**RECORDS TO USE**
================
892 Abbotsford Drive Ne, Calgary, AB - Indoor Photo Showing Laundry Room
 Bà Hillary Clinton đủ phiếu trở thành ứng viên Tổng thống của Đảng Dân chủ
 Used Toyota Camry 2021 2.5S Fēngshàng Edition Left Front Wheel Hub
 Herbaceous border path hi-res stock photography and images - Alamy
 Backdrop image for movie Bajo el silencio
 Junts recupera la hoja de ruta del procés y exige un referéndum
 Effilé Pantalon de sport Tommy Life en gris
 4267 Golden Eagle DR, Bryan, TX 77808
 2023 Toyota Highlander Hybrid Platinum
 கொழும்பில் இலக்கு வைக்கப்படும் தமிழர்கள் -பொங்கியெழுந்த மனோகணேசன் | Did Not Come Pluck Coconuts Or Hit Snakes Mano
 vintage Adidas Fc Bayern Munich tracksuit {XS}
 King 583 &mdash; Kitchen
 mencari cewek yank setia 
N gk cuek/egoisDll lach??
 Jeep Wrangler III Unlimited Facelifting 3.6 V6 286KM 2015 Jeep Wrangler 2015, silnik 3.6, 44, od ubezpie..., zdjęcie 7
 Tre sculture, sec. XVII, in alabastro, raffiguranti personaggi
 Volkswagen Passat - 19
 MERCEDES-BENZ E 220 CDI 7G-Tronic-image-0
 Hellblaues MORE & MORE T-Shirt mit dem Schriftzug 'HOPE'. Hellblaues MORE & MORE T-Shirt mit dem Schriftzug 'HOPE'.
================
**TASK STATEMENT**
Tell how many lines in the records above contain "Toyota", giving the number and no other words.

**FINISHED TASK**
2